壁にぶつかった機械から、2,000マルクあれば誰でも買える車へ。

  1. 1885

    動く

    プロトタイプがマンハイム工場の庭で自力走行し——壁に衝突する。

  2. 1886

    DRP 37435

    ベンツが1月29日に「ガスエンジンで動く乗り物」の特許を出願。11月に認可される。

  3. 1886

    公開の場で

    7月3日、Patent-Motorwagenがマンハイムのリングシュトラーセを、関心ある者の前で走行する。

  4. 1887

    最初の顧客

    パリの自転車メーカー、エミール・ロジェが一台を買い、フランスに最初の車を売る代理店となる。

  5. 1888

    プフォルツハイム

    ベルタ・ベンツが車と二人の息子を連れておよそ百キロを走り、実用を証明する。

  6. 1894

    Velo

    1902年までに約1,200台——史上初めて、同じ方法で二度以上造られた車。

エピローグ

彼が一度も会わなかったライバル。

同じ頃、およそ百キロ離れたカンシュタットで、ゴットリープ・ダイムラーヴィルヘルム・マイバッハは同じ問題を反対側から解いていた——速く軽いエンジンが、動かす対象を探していた。二つの企業は四十年を競合として過ごし、1926年に一つの会社になる。ベンツとダイムラーはともに1897年、ドイツ初の自動車クラブの創設メンバーとして名を連ねた——同じ部屋にいた唯一の機会だったかもしれない。「私は生涯、ダイムラーと一度も話したことがない」とベンツは書いた。
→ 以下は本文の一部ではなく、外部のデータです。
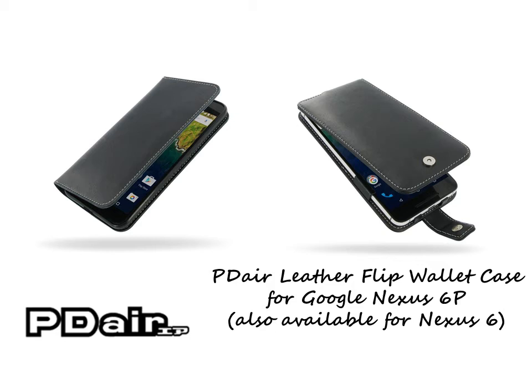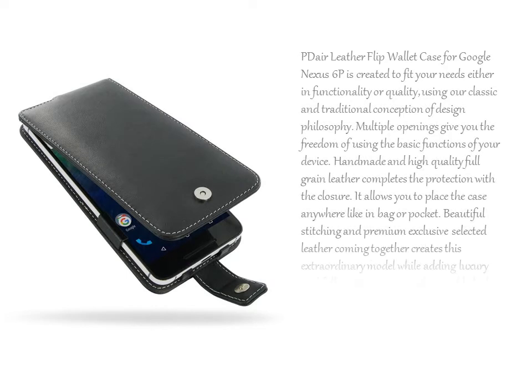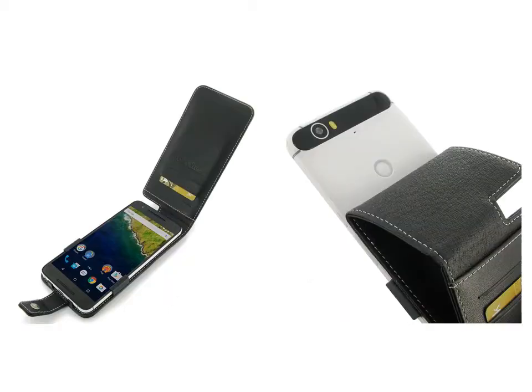PDR Leather Flip Wallet Case for Google Nexus 6P is created to fit your needs either in functionality or quality, using our classic and traditional conception of design philosophy. Multiple openings give you the freedom of using the basic functions of your device. Handmade and high-quality full-grain leather completes the protection with the closure. It allows you to place the case anywhere, like in a bag or pocket.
オリジナルの車は無傷では残らなかった。1895年頃に会社が散らばった部品を集め再組立し、1906年にミュンヘンのドイツ博物館へ寄贈——いまもそこに立つ。1925年7月、八十歳のカール・ベンツは古い機械のパレードの先頭で最後にもう一度それを走らせた——車であふれる街を、最初の車を操る老人。結局のところ、そのすべてが彼のものだった。